### Exercise details
Copy word for word, please, the lines of the entries below running from the one containing "197 Acres of" to the one containing "Unisex Large leopard", both ends included.

### Data section
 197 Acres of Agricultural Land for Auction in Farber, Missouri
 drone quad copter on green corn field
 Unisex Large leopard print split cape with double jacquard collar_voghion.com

==

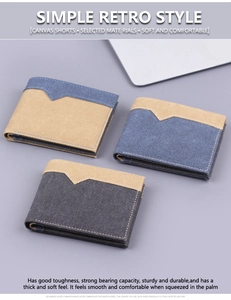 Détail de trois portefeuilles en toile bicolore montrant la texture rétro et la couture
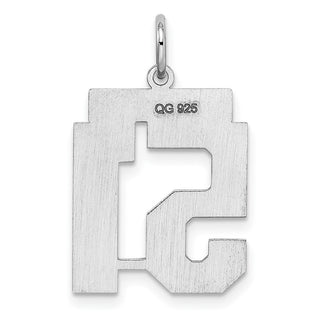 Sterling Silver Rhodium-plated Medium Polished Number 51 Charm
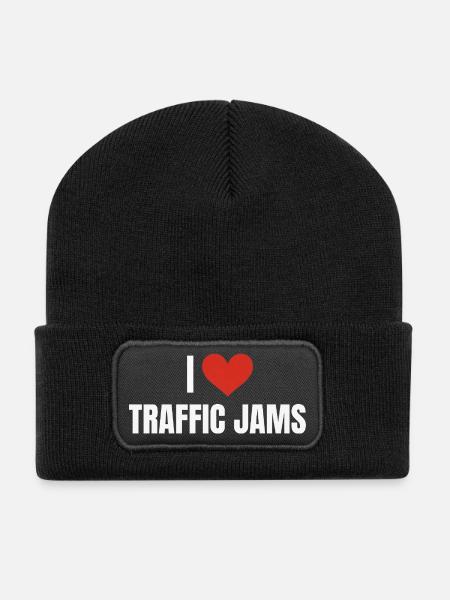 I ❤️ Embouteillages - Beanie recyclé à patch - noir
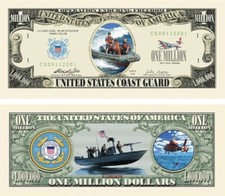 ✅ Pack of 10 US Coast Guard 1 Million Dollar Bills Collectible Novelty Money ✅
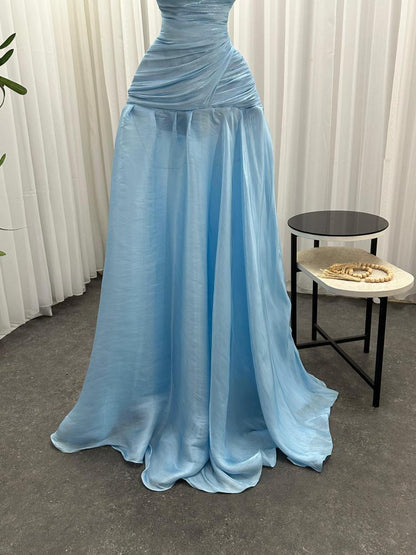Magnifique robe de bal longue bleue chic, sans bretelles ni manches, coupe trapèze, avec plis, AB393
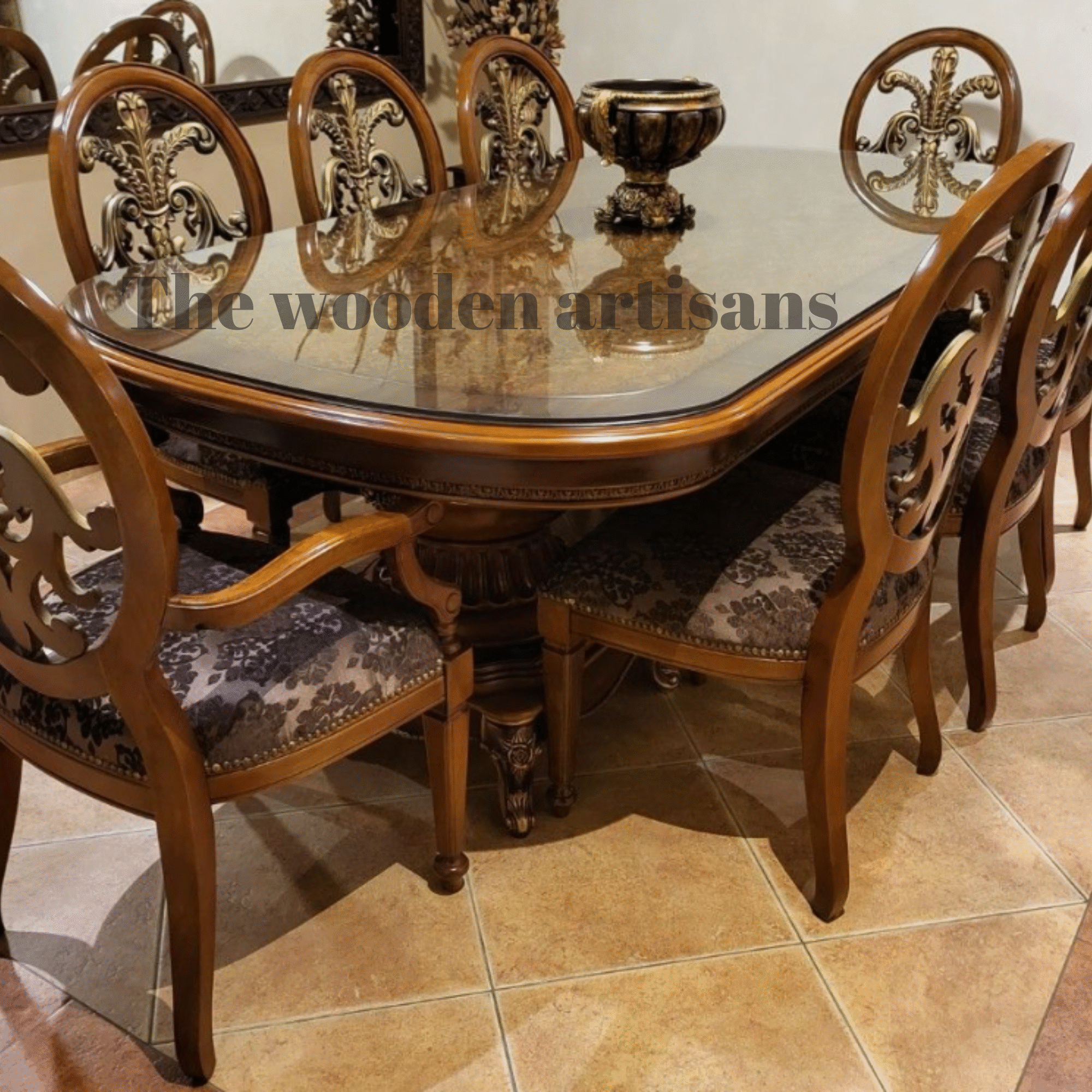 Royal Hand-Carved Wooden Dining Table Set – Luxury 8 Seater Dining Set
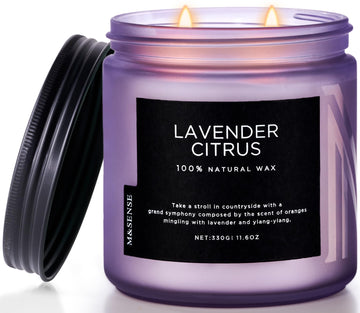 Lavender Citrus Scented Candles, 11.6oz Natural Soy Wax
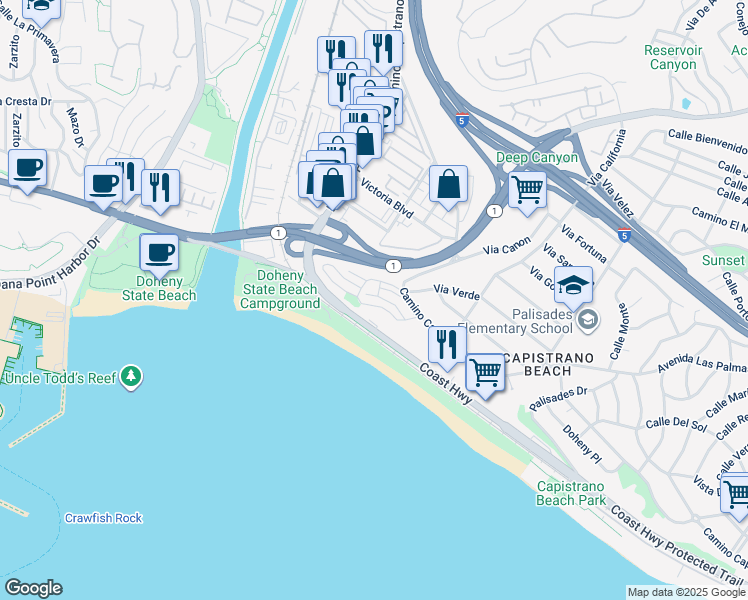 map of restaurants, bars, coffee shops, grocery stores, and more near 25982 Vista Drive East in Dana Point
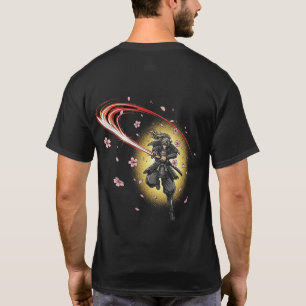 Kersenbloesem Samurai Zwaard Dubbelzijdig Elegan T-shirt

### Problem solution
 197 Acres of Agricultural Land for Auction in Farber, Missouri
 drone quad copter on green corn field
 Unisex Large leopard print split cape with double jacquard collar_voghion.com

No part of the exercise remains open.